[PROVIDED RECORDS]
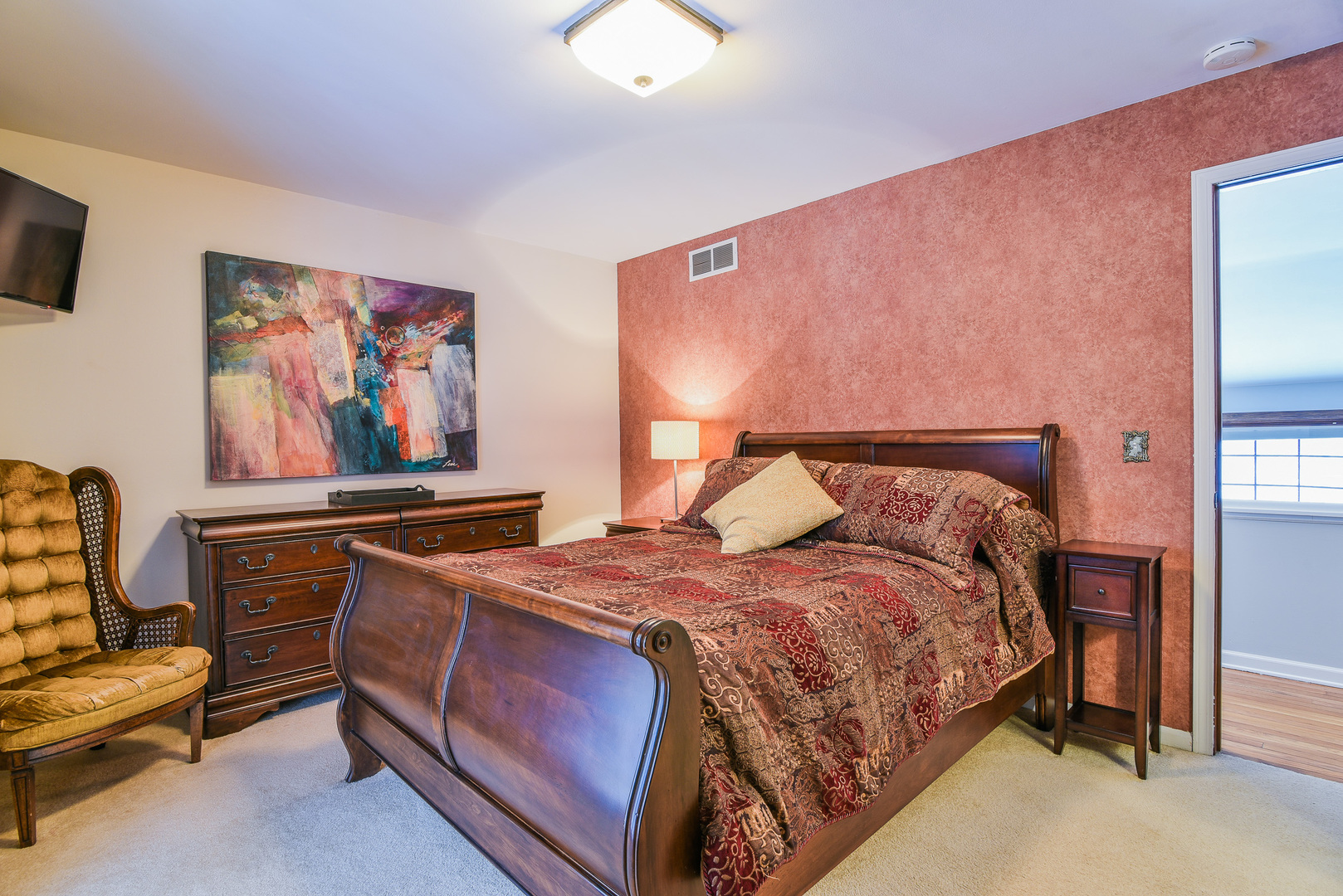 41W417 Farview Road Elburn, IL 60119 - Photo 23 of 29 a bedroom with a bed and a painting on the wall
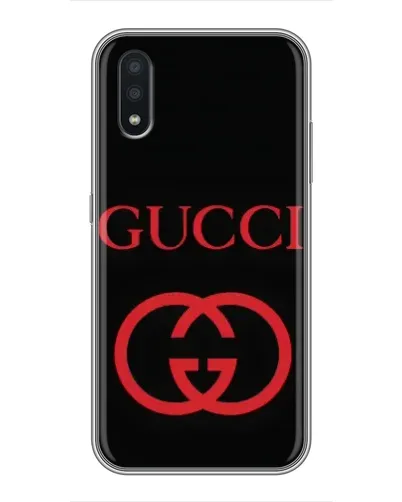 Чехол для Samsung Galaxy A01 Core с картинкой «Gucci — красный логотип» Чехол для Samsung Galaxy A01 Core с картинкой «Gucci — красный логотип»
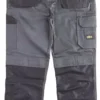 Pantalon De Travail Site Jackal Gris / Noir, Tour De Taille 38" Et Longueur De Jambe 32" -Magasin De Vêtements De Travail Élégant ae235 2700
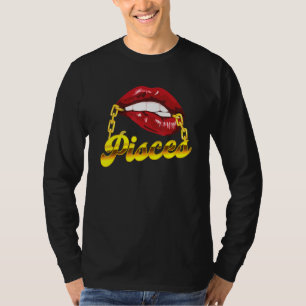 Camiseta Pisces Astrología Símbolo de Horóscopo Pájaro Rótu
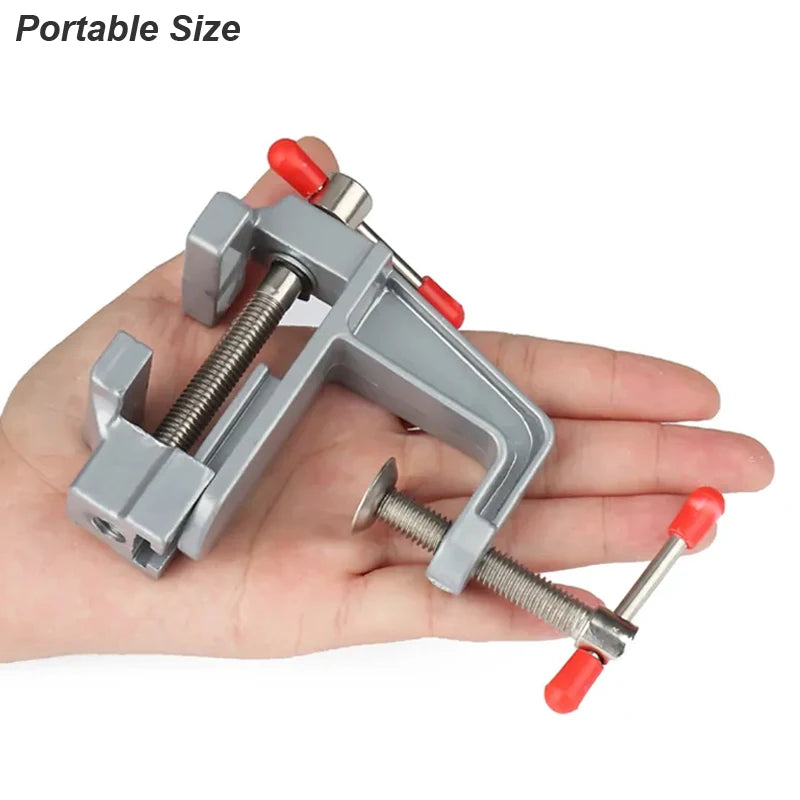 Mini Table-Clamp Bench Vise, 25mm Jaw Opening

[WORK TO BE COMPLETED] Without including any picture, write out the material above verbatim.

[RESPONSE BOX]
 41W417 Farview Road Elburn, IL 60119 - Photo 23 of 29 a bedroom with a bed and a painting on the wall
 Чехол для Samsung Galaxy A01 Core с картинкой «Gucci — красный логотип» Чехол для Samsung Galaxy A01 Core с картинкой «Gucci — красный логотип»
 Pantalon De Travail Site Jackal Gris / Noir, Tour De Taille 38" Et Longueur De Jambe 32" -Magasin De Vêtements De Travail Élégant ae235 2700
 Camiseta Pisces Astrología Símbolo de Horóscopo Pájaro Rótu
 Mini Table-Clamp Bench Vise, 25mm Jaw Opening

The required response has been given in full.